There’s a lot more pressure on female artists, but I don’t think it’s something that girls can’t do.

Shorr was 18 and kinda knew one person when she left everything comfortable to move to Tennessee. You've seen this story before. Hollywood may sensationalize it, but in real life it usually ends after a few months and a 1,200 mile drive back home on a borrowed dime and McDonald's coffee.

Now 20, the Portland, Maine girl continues to defy the odds — although that's not quite accurate. The odds don't take into account work ethic, drive and pure determination.

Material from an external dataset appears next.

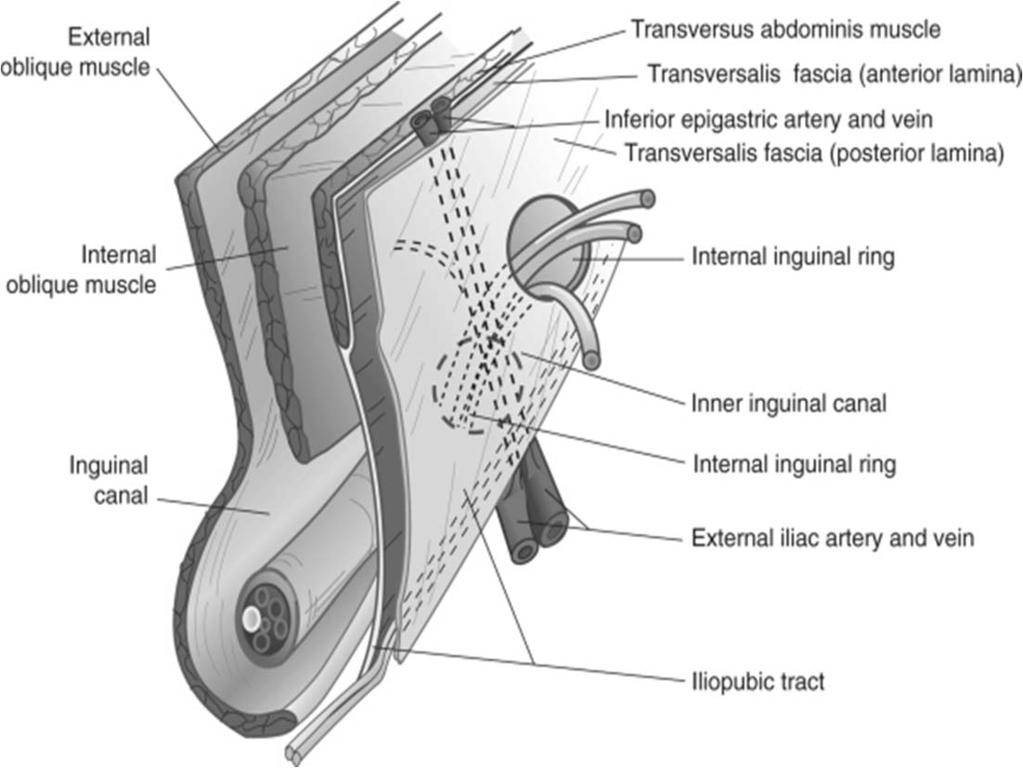 Ανατομία Λαγονοκτενιαία ταινία (iliopubic tract) Ουσιαστικά επενδύει το κάτω έσω ήμισυ του βουβωνικού συνδέσμου (συγχέεται) Αποτελεί το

“I didn’t grow up with a lot of money," Shorr says, sitting tall with legs crossed in a noisy coffee shop on 8th Ave. in Nashville. Her jeans are fashionably ripped and her shirt is colorful. It's 9:30AM, but Shorr is a morning person. Seconds earlier a deafening "POP!" silenced the room. Shorr jokes that she thought about hitting the floor. But this is Nashville. When a country boy's truck backfires, it does it big.

"My mom was a single mom and it was always like, ‘Don’t let circumstances hold you back, because you can accomplish what you want to if you put in hard work.’ So I worked really hard in school. I worked really hard on my SATs and I worked really hard in music just because I didn’t have the hundreds of thousands of dollars that some people have to put into their kids, to develop them," she says.

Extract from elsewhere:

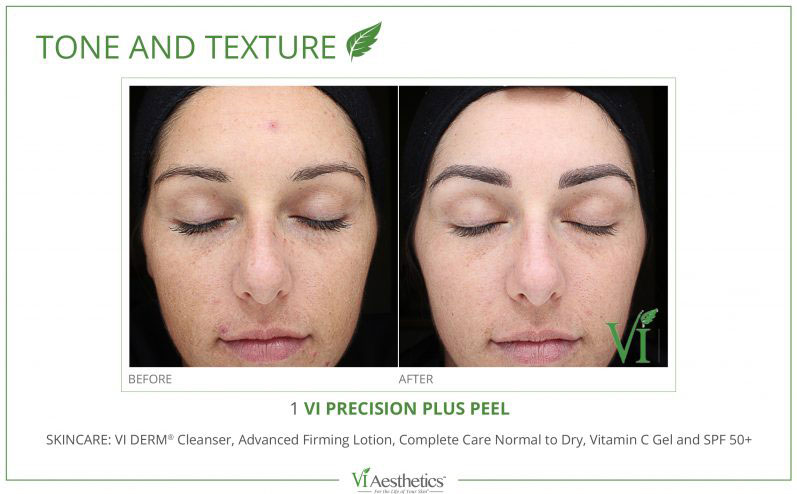 Chemical Peels Before and After Photos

Don't mistake work ethic for bitterness. There's no visible chip on her shoulder — if there was she wouldn't have been chosen as ToC's first #LetTheGirlsPlay artist. The hotdog stand job was ideal because it left mornings for her to write, at first alone, but soon with friends. But it wasn't enough. A retail job followed. Then a gig helping customers at a West End Marriott. This month — one year after helping start Song Suffragettes — Shorr was able to quit her job. She's "making it" in Nashville, but she knows she's not yet "made it."

Leaving Home

Shorr's parents were surprisingly supportive when she announced she'd be leaving home at such a young age. She's the first in her family to chase music as a career. An older sister is a lawyer on Capitol Hill. Much of the rest of the family is in politics.

Kalie Shorr Long
Logen Christopher, Knight St. Media
loading...

The decision was anything but rash, however. In 2000, a 6-year-old Kalie Shorr penned her first song. It was a "party song," scribbled on Powerpuff Girls paper. Of course she still remembers it.

“My parents were kind of hippies, as far as it was all organic food," Shorr says. "I wasn’t allowed to have soda, so I wrote a song about drinking soda without my mom knowing at a sleepover.”

From there she sang the National Anthem locally before picking up a $100 guitar at 13 and forming a Nirvana cover band in middle school. A boyfriend was involved, so she was game. Listen to songs she sings live or those recorded on her The Nashville Sessions EP and you'll find her past willingness to do anything for a guy.

Despite her knack for writing desolate love songs, her heart is still wide open, and she kind of likes grunge rock. Nirvana and Pearl Jam are influences, in addition to the expected classic rock and country artists (“I like to say if Michelle Branch and Lisa “Left Eye” Lopes were the other two members of the Dixie Chicks,” Shorr says, describing her sound today).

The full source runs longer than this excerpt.